Consistency models (Song et al., 2023) enforce a self-consistency condition: $f_\theta(\mathbf{x}t, t) = f\theta(\mathbf{x}_{t’}, t’)$ along any trajectory. My approach is complementary — I focus on matching marginal distributions at each timestep rather than enforcing self-consistency. In principle the two constraints could be combined.

Progressive distillation (Salimans & Ho, 2022) halves the number of sampling steps in each round by training a student to match two teacher steps in one. The curriculum here is more granular: rather than folding steps together, it adds them one at a time. This should provide more stable gradient signal in early stages.

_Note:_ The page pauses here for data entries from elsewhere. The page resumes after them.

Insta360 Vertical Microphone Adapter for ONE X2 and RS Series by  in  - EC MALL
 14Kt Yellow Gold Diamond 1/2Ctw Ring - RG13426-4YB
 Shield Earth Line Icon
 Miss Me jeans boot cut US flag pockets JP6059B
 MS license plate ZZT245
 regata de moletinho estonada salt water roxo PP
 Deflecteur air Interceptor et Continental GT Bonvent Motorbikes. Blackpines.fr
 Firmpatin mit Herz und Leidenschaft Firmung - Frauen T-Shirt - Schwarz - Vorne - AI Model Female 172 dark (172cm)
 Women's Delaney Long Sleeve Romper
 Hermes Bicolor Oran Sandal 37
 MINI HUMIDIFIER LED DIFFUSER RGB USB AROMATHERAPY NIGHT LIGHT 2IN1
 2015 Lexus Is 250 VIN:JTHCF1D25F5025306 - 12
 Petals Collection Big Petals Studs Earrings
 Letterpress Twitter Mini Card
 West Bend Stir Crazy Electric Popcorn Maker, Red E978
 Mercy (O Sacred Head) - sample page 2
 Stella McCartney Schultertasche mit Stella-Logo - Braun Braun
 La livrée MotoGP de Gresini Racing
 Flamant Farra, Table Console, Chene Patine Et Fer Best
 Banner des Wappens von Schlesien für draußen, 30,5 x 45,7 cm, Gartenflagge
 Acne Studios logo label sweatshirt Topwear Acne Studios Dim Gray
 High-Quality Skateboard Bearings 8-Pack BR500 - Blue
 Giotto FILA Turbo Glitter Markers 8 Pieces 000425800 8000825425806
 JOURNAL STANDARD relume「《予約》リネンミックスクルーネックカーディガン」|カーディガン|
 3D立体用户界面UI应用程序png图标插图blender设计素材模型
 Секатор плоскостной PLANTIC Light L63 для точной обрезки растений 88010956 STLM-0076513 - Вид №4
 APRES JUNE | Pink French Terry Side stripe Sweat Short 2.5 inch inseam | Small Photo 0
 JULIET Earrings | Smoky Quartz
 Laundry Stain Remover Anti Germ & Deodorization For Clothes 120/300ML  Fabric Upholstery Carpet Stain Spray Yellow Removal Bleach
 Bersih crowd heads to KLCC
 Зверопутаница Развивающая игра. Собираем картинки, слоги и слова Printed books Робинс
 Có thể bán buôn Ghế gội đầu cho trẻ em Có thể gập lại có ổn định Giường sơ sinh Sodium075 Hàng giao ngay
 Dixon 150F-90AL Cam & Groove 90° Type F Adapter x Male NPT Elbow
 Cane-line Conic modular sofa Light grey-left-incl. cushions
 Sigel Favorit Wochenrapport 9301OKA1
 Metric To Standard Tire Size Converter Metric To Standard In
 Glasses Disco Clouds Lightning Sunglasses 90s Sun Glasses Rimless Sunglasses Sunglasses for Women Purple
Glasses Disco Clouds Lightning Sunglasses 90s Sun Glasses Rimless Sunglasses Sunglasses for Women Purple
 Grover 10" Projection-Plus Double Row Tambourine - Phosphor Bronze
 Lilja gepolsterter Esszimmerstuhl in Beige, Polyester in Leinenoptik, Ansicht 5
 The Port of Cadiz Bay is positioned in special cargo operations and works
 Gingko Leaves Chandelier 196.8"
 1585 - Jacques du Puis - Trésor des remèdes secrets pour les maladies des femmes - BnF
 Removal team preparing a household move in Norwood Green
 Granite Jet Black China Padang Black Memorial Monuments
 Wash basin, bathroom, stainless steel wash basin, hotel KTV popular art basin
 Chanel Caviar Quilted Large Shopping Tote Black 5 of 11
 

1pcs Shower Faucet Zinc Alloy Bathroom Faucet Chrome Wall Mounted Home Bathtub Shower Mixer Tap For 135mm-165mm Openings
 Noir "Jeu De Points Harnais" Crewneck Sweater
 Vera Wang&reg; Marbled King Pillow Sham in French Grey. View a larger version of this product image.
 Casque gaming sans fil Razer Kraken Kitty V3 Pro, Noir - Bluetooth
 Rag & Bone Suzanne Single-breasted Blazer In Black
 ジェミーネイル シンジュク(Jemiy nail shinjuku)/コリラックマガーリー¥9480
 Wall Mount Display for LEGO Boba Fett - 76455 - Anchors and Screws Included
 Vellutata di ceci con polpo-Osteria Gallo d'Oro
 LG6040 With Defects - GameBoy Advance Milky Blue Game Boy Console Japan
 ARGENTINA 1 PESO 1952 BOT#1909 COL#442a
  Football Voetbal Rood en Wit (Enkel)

Rectified flow (Liu et al., 2022) forces the trajectory to be a straight line from noise to data. My approach does not constrain the path’s shape — it follows the natural curvature of the diffusion marginals, which may be important for capturing the geometry of complex data distributions.

Open questions I’m sitting with

Does the order actually matter? I’m training from high $t$ to low $t$, following the causal direction of the forward process. But would a reversed curriculum, or a randomized one, do just as well? My intuition says the natural order matters, but I don’t have a proof.

Is $\ell_2$ the right loss at low $t$? Near the data manifold, the marginal $q(\mathbf{x}_t)$ is no longer well-approximated as Gaussian, and $\ell_2$ supervision is known to produce blurry outputs. A perceptual or adversarial loss at late stages seems worth exploring.

How coarse can the curriculum be? In principle one stage per timestep is ideal, but $K = 100$ or even $K = 50$ coarse stages are far more practical. It is not obvious how much of the trajectory structure is lost by coarsening, and where the quality cliff lies.

Does the consistency regularizer need to be global? The current form only ties adjacent stages. A stronger version might enforce that the model’s entire learned trajectory up to stage $k$ is globally coherent — closer in spirit to the consistency constraint in Song et al. — though this would be significantly more expensive to compute.

Where this leaves me

The honest answer is: this is a thought, not yet a result. I find the framing compelling because it gives the one-step objective a clear geometric grounding — something that most distillation approaches lack. Whether the compounding gains from curriculum training actually outweigh the additional complexity is an empirical question I haven’t answered yet.

But I think the directional intuition is right. A model that has been taught to respect the geometry of the diffusion trajectory should generalize better to one-step generation than one that has only ever seen endpoints. That seems worth testing.